What is this course about: auditing a site using the 7 levels of the conversion model.

This framework is not just something that helps you to uncover potentials that you might not have seen before, it should make you deliver more objective results, more customer-centric results, also, it’s a good foundation for simplifying the results for decision-makers.

The promise of this program is that afterward:

- you will have proven frameworks to guide conversion optimization strategy

- be able to apply cognitive psychology and persuasion principles to understand user motivations

- provide a structured way to add more value to your CRO program right out of the gate

- tap into opportunities for conversion lifts with better ideas and tactics.

In my opinion, they fulfilled these promises :)

This course was one of my favorites in the Conversion Optimization program. I liked the instructor, content, and subject. I was happy to finally get back into actual website stuff. Of course, I understand that background knowledge like using Google Analytics and user research is essential, but it was fun and interesting to watch the instructor analyzing real websites. I am now considering that maybe it is time to bring my German language skills back to life and read Andre’s book “Die digitale Wachstumsstrategie”.

A little bit about the content. The lessons cover the 7 layers of conversion: relevance, trust, orientation, stimulance, security, convenience, confirmation.

Each layer has a set of questions and you score the website according to them, it’s like a checklist. Basically, you do this for the website you work on, competitor websites, and come up with a percentage score for each of them. And the instructor also provides a spreadsheet for this competitive benchmark.

One more thing I really really liked that there was suggested homework after each lesson. As an example after the first lesson, he suggested printing a website and show it to 10 people, ask half of them how they like it and another half what they think about it.

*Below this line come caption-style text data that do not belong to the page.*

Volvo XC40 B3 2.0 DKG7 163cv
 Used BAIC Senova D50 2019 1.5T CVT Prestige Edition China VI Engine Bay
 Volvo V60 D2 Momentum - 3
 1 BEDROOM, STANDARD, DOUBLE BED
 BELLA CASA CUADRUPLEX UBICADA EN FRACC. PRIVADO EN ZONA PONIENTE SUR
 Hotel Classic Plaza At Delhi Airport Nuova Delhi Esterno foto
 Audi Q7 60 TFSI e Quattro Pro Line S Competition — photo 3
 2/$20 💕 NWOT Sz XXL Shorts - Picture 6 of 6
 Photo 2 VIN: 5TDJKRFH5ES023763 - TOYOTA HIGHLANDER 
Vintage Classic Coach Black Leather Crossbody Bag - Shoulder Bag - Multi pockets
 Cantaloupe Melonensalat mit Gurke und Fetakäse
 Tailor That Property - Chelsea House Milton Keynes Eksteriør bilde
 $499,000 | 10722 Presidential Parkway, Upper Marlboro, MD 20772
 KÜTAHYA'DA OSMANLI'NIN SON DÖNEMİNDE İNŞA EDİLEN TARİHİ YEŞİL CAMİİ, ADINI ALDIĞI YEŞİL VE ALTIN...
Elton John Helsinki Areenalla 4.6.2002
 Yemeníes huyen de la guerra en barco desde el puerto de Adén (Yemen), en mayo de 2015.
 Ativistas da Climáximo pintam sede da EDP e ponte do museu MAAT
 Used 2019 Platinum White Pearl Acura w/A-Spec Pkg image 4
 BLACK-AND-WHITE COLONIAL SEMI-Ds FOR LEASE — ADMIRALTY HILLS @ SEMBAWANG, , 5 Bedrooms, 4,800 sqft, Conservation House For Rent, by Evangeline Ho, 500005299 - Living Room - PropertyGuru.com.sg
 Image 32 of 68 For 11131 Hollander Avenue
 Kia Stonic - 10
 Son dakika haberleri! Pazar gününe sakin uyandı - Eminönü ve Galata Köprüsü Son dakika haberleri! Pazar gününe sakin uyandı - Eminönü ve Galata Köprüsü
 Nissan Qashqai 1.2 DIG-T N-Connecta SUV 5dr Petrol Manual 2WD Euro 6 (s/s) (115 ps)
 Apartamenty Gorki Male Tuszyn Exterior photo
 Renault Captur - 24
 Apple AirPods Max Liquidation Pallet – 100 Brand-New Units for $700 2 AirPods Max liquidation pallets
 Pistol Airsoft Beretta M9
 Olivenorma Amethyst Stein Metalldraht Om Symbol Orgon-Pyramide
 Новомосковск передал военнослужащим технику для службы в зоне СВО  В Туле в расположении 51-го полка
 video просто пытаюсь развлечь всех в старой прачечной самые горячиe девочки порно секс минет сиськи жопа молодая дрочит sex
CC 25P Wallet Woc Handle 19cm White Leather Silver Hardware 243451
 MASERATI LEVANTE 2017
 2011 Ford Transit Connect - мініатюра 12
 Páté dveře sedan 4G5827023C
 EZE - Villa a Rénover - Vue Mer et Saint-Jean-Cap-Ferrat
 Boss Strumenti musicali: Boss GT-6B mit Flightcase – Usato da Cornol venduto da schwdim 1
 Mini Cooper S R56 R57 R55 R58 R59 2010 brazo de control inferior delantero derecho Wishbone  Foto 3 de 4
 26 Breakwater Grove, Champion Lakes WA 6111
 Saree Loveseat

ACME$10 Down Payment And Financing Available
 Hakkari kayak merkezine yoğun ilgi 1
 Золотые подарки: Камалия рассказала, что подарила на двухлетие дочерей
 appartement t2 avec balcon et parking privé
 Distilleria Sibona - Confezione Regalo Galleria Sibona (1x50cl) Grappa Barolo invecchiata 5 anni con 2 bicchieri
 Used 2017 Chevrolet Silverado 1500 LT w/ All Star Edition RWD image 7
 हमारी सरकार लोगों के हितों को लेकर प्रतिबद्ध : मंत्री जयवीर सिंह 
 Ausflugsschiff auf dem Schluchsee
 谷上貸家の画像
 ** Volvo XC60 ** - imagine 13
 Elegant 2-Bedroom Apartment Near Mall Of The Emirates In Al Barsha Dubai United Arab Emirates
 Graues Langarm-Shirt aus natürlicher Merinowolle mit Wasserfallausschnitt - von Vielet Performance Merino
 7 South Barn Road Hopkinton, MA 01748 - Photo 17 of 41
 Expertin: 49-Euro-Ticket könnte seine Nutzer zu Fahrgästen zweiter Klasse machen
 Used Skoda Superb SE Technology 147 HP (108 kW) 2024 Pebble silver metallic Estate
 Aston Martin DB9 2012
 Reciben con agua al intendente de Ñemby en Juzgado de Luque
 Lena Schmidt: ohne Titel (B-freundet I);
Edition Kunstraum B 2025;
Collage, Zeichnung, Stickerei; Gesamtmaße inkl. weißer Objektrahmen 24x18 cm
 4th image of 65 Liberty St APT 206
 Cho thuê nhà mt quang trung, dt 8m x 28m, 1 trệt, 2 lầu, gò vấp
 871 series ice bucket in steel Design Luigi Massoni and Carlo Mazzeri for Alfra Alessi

Comparing the answers will help to see which question was more valuable.

Google Analytics Audit

Course duration is 2h 40mins and there are 14 lessons+ final exam.

This course is about auditing Google Analytics with the purpose to diagnose and fix any account so that the data can be trusted. It is very practical, to the point and I liked there are specific things that have to be checked. But also instructor explained when something couldn’t be that specific as a “yes” or a “no” that it’s just something that you have to decide on based on your expertise.

So the lessons start with an introduction to chrome extensions and developer console that are used for auditing. Then basically it is going through each thing that has to be checked and he shows it on an actual website (or a couple of them) how to do it. I liked this approach, it is easy to follow and you can do it yourself whilst watching him.

One thing that I appreciated was that the videos zoomed in when it was needed, like when the text was small, for example. This might not sound like something exceptional, but it was, it made everything so much easier. I don’t think I’d be appreciating it that much, but in the previous weeks, there were some lessons where you also had to look at the instructor’s screen, and when you can’t actually see what’s written it’s not that great.

So not only was he actually auditing Google Analytics set up step by step, but he was also filling out a GA Audit Template that comes with the lesson. Again, sounds like a basic simple thing, but later on, when you have to do it yourself, his comments about filling it in become very valuable.